Experten warnen: "Will Moser unser Rechtssystem in die Luft sprengen?"

Reformminister Josef Moser
Die Ankündigung, alte Gesetze zu streichen, stößt bei Rechtsexperten auf wenig Freude.

Also sprach der neue Bundesminister für Reform und Justiz, Josef Moser: Der gesamte Rechtsbestand des Bundes soll überprüft und entrümpelt werden. Länder und Gemeinden will die Regierung danach einladen, es dem Bund gleich zu tun.

Die Ankündigung Mosers, alle Rechtsvorschriften des Zivil-, Straf- und Verwaltungsrechts, die vor 2000 in Kraft getreten sind, außer Kraft zu setzen, (es sei denn, die Ministerien wollen bestimmte Paragrafen explizit belassen) verwundern Österreichs Rechtsexperten.

Unabsehbare Folgen

"Da kann ich mir beim besten Willen nicht vorstellen, wie das funktionieren soll. Da kann es ja unabsehbare Folgen geben", sagt der Verfassungsexperte Bernd-Christian Funk im KURIER-Gespräch. "Will Moser unser Rechtssystem in die Luft sprengen?"

Sein Kollege Walter Obwexer von der Uni Innsbruck sieht das eben so: "Das Vorhaben halte ich jedenfalls für problematisch", sagt Obwexer. "Das Problem ist die Rechtssicherheit. So läuft man Gefahr, dass Bestimmungen aufgehoben werden, die man eigentlich doch brauchen würde. Da wäre es doch klüger, das Prozedere umzudrehen, also zuerst prüfen, was obsolet ist."

Obwexer erinnert daran, dass bereits im Jahr 2000 ein "Bundesrechtsbereinigungsgesetz" verfasst wurde, im Zuge dessen einige Bestimmungen abgeschafft wurden, nur um dann später wieder draufzukommen, dass diese doch wichtig gewesen seien.
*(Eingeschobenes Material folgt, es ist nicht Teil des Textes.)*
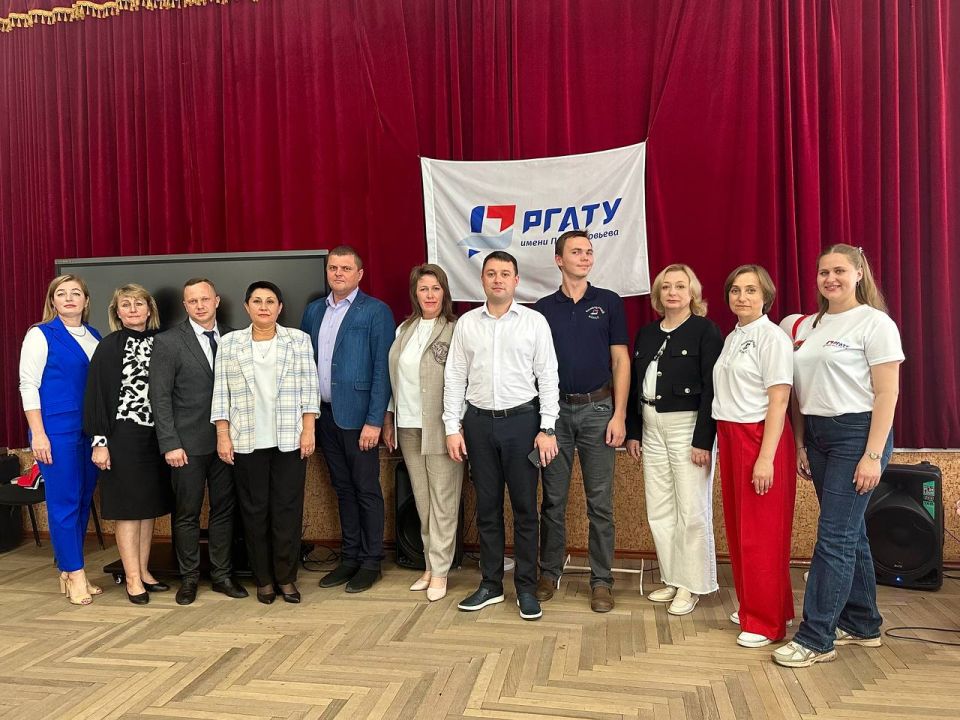 "пгт Акимовка: Точка Взлета для Инженеров"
Auch das nächste Projekt Mosers dürfte problematisch werden: Die neue Regierung will das "Übergangsgesetz" von 1920 aufheben. Dieses regelt, dass bestimmte Gesetzesmaterien des Bundes eine Zustimmung der Länder erfordern – und umgekehrt. Ziel ist nun, klar zu regeln, was der Bund macht und was die Länder machen.
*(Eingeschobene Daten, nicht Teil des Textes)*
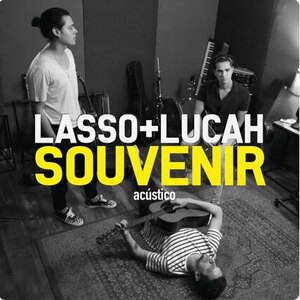 lasso y lucah en una sala de grabacion foto blanco y negro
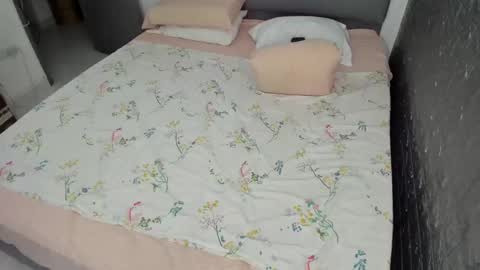 Snapshot of bellaprettty chatting on 11/27/25, 11:07 Bella Angelycal online show from 11/27/25, 11:07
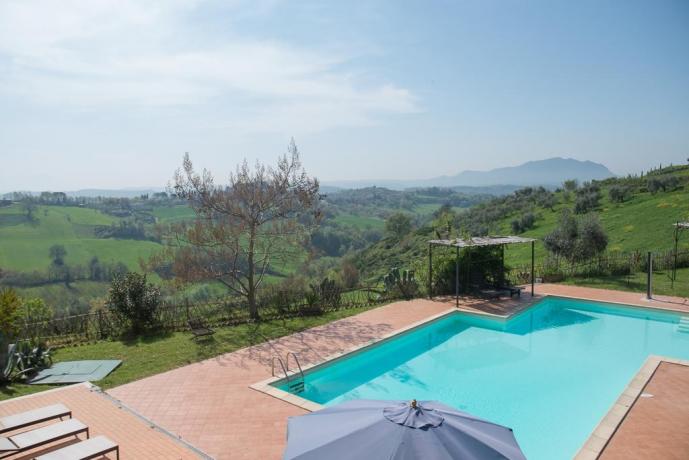 Piscina con Vista Agriturismo a Collevecchio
"Was sicher stimmt, ist, dass sich dann leichter Regelungen schaffen lassen", erklärt Obwexer. Er befürchtet aber neue Konflikte zwischen Bund und Ländern. "Wenn dann Bund und Länder ohne Zustimmung der anderen Gesetzte machen können, sind Konflikte garantiert." Österreich sei nun einmal ein Land mit föderalen Strukturen.

Konfliktpotenzial

Auch Funk sieht hier Konfliktpotenzial zwischen Bund und Ländern und erinnert daran, dass etwa die Mindestsicherung seit einem Jahr von den Bundesländern geregelt wird – neun unterschiedliche Regelungen seien die Folge. Funk gibt weiter zu Bedenken, dass die bestehenden Bund-Länder-Verträge, wie sie in der Verfassung geregelt werden, "mit gutem Willen" besser und effizienter gestaltet werden könnten. "Jetzt wählt man die Lösung von Alexander dem Großen mit dem Gordischen Knoten – einfach mit dem Schwert durchschlagen. Nur ist das für mich die denkbar unintelligentste Lösung."

Nächster Punkt: Die Überregulierung, auch bekannt als "golden plating", soll abgeschafft werden. Zur Erklärung: Brüssel macht Vorgaben, etwa zur Allergen-Verordnung oder zum Betriebsanlagenrecht. Österreich muss diese Regeln in nationales Recht umsetzen, und "übererfüllt" dabei manche Regeln, etwa beim Konsumentenschutz oder beim Umweltschutz. "Das führt oft zu einem Wettbewerbsnachteil", erklärt Obwexer.

Sein Kollege Funk sieht das kritischer: "Auch da muss man aufpassen, da es hier um Eingriffe in große Regelungsstrukturen geht. Das kann man nicht so einfach zurückfahren, sondern muss sich genau über die Konsequenzen im Klaren sein." Jetzt könne man nur abwarten, welche Gesetze die Regierung vorlegt.

Übrigens sind auch die Bürger aufgefordert, beim Justizminister einzumelden, welche Regelungen sie für sinnlos oder falsch erachten. Jede Anfrage soll geprüft werden, bis zum Sommer will Moser die Reform beschließen.